[Opening RECORD EXCERPTS section]

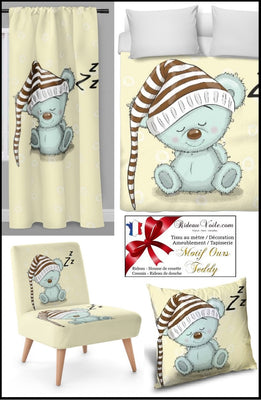 Chambre tissu motif Teddy pour bébé enfant rideau couette Tissu au mètre Ourson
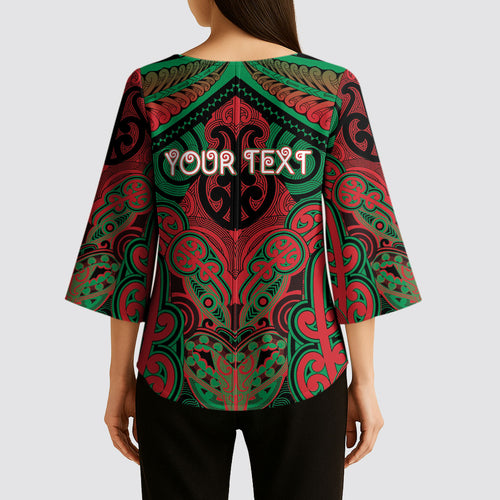 Aotearoa Iwi Ngati Hine Personalised Kimono Sleeve Blouse Maori Kowhaiwhai Pattern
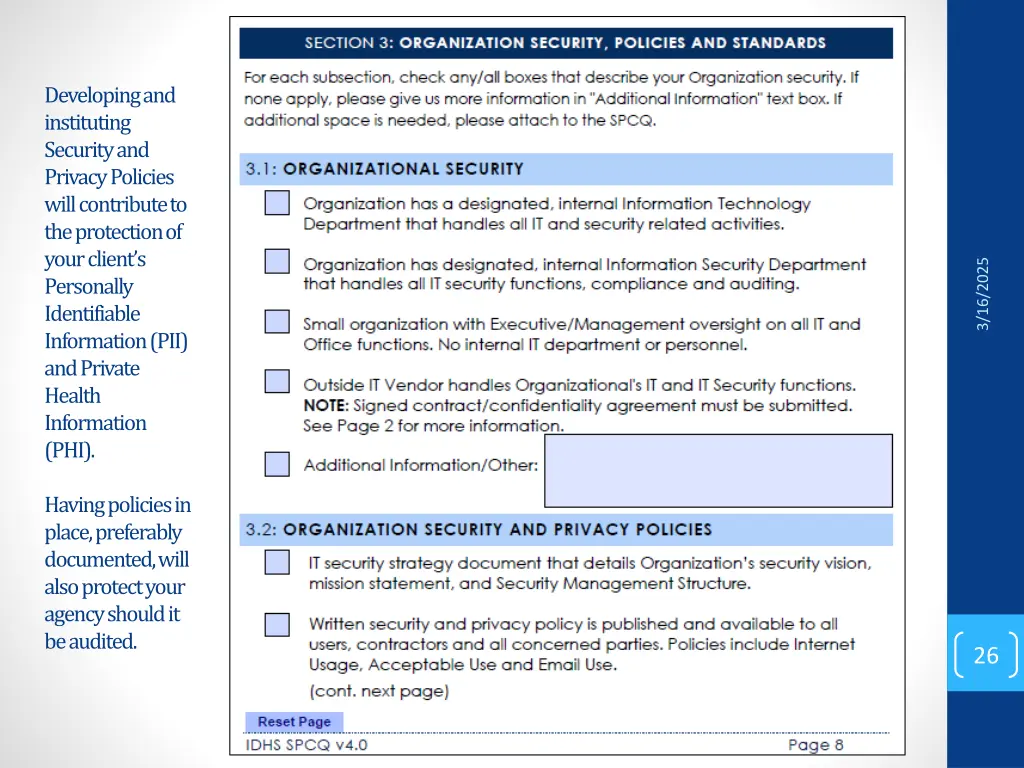 developing and instituting security and privacy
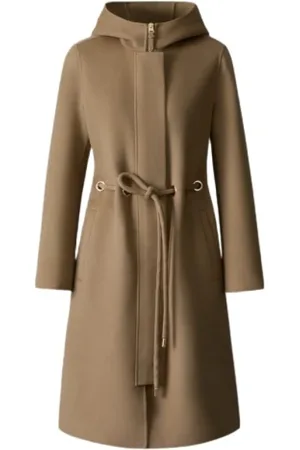 Mackage Femme, Manteaux, Brun, Taille: 40 FR Manteau en laine fait main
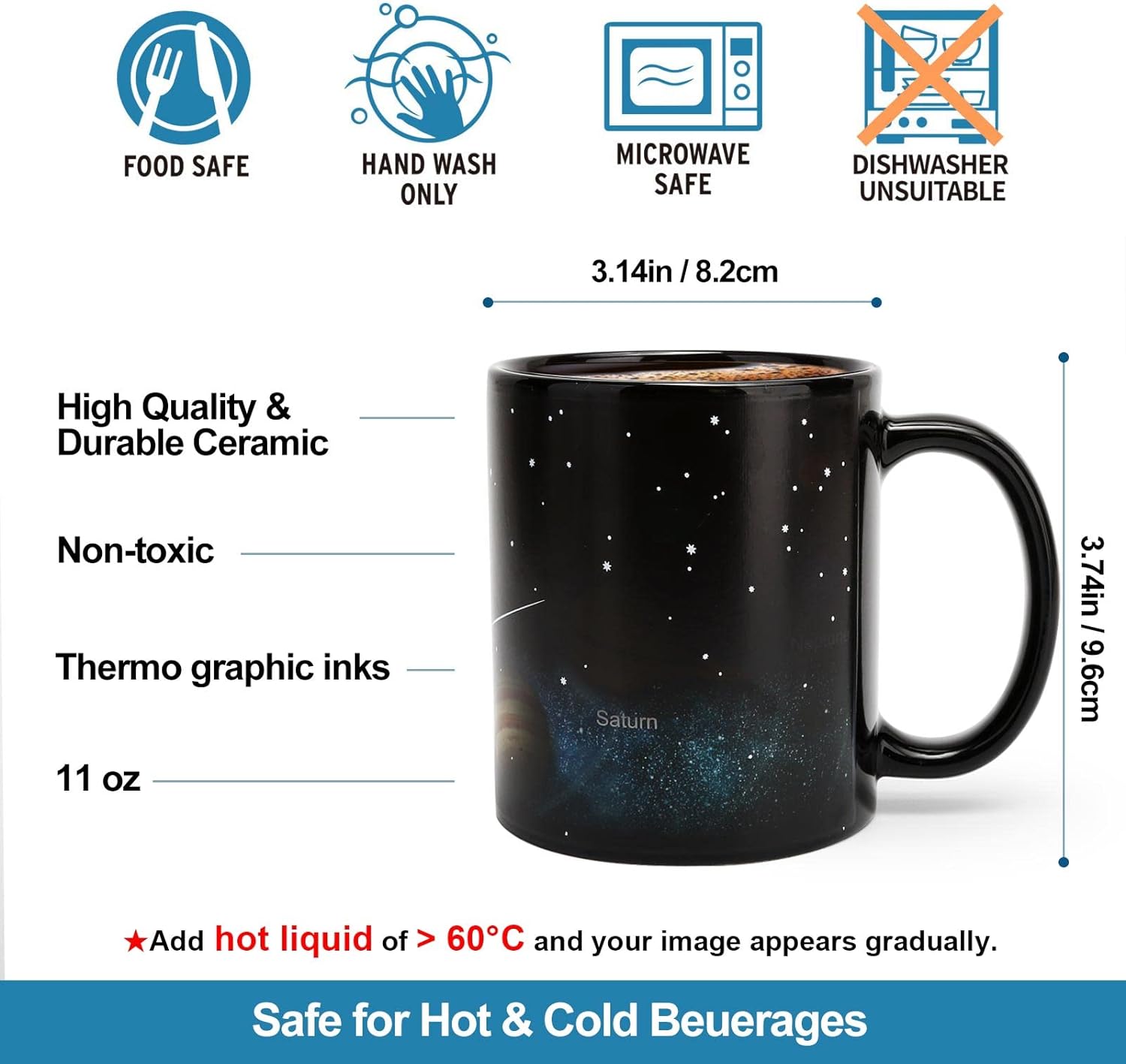 Colour Changing Coffee Mugs, Ceramic Heated Novelty Coffee Cup of Solar System, Space Gifts, Funny Mugs for Men & Boys, Friends and Planet  Lover.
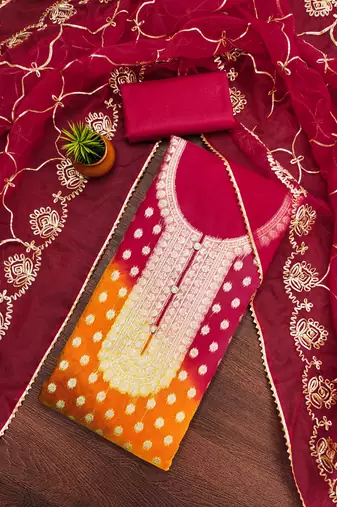 Women's multi designer weaving and fancy border organja jacquard dress material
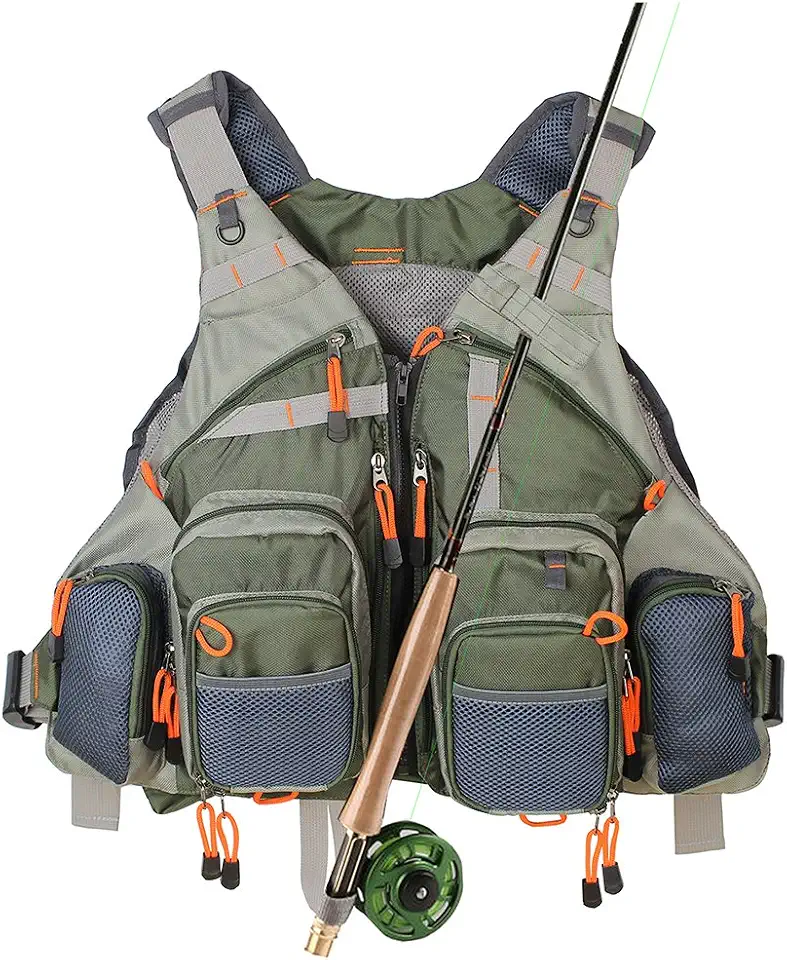 Kylebooker Fly Fishing Vest Pack Adjustable for Men and Women,Army Green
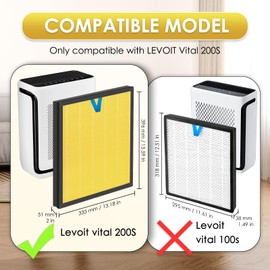 2 Pack Vital 200S Pet Care Replacement Filter Compatible with LEVOIT Vital 200S and Vital 200S-P Air Purifier, H13 True HEPA Filter, 3-in-1 Activated Carbon Filters, Replace #Vital 200S-RF-PA, Yellow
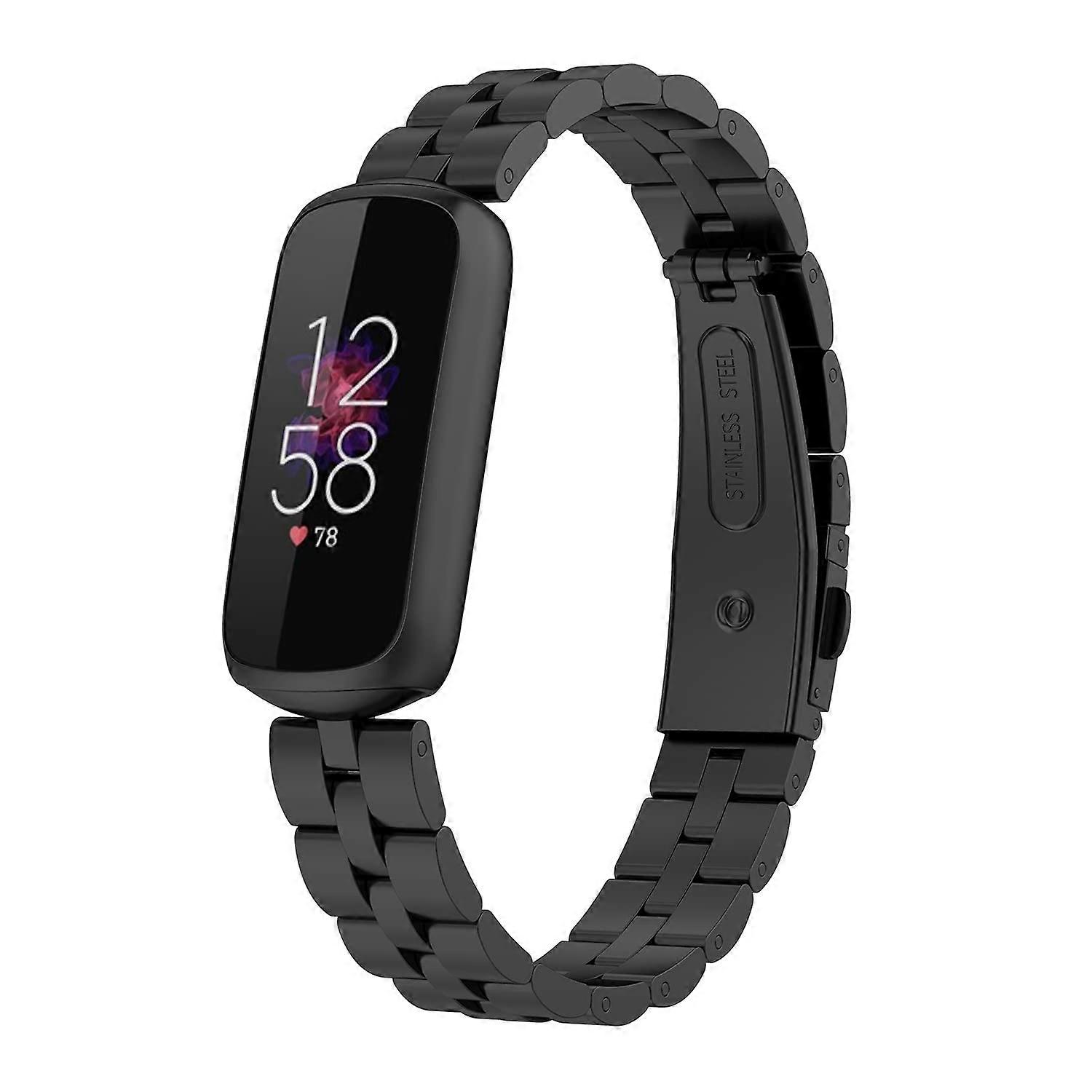 Black Metal Link Band Adjustable Durable Solid Link Replacement Strap with Buckle for Fitbit Luxe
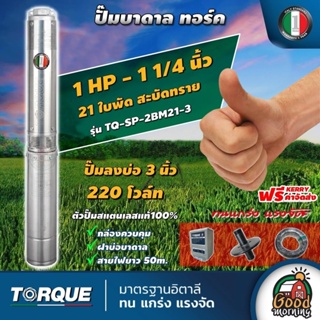 TORQUE 🇹🇭 ปั๊มบาดาล ขนาด 1 1/4 นิ้ว 1HP 21ใบ ทอร์ค ลงบ่อ 3 นิ้ว ซับเมิส ปั๊มน้ำ บ่อบาดาล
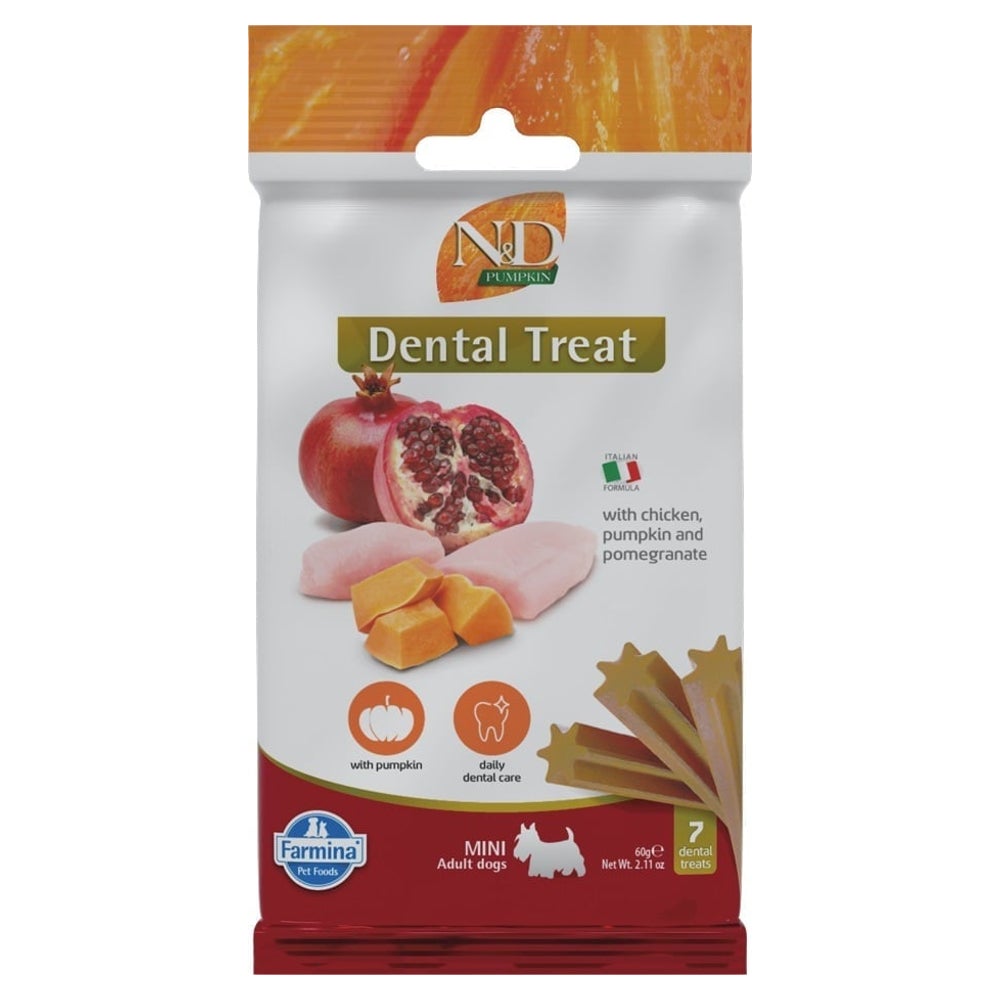 FARMINA N&D Pumpkin Dental Treat Chicken Pomegranate Mini (7 szt) Zahnpflege-Leckerli für kleine Hunderassen 0,06 kg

[Closing RECORD EXCERPTS section]

--- DESCRIPTION OF THE TASK ---
From the first line above to the line containing "Mackage Femme, Manteaux, Brun, Taille: 40", repeat each line exactly. Pictures stay out.

--- SOLUTION TO THIS TASK ---
 Chambre tissu motif Teddy pour bébé enfant rideau couette Tissu au mètre Ourson
 Aotearoa Iwi Ngati Hine Personalised Kimono Sleeve Blouse Maori Kowhaiwhai Pattern
 developing and instituting security and privacy
 Mackage Femme, Manteaux, Brun, Taille: 40 FR Manteau en laine fait main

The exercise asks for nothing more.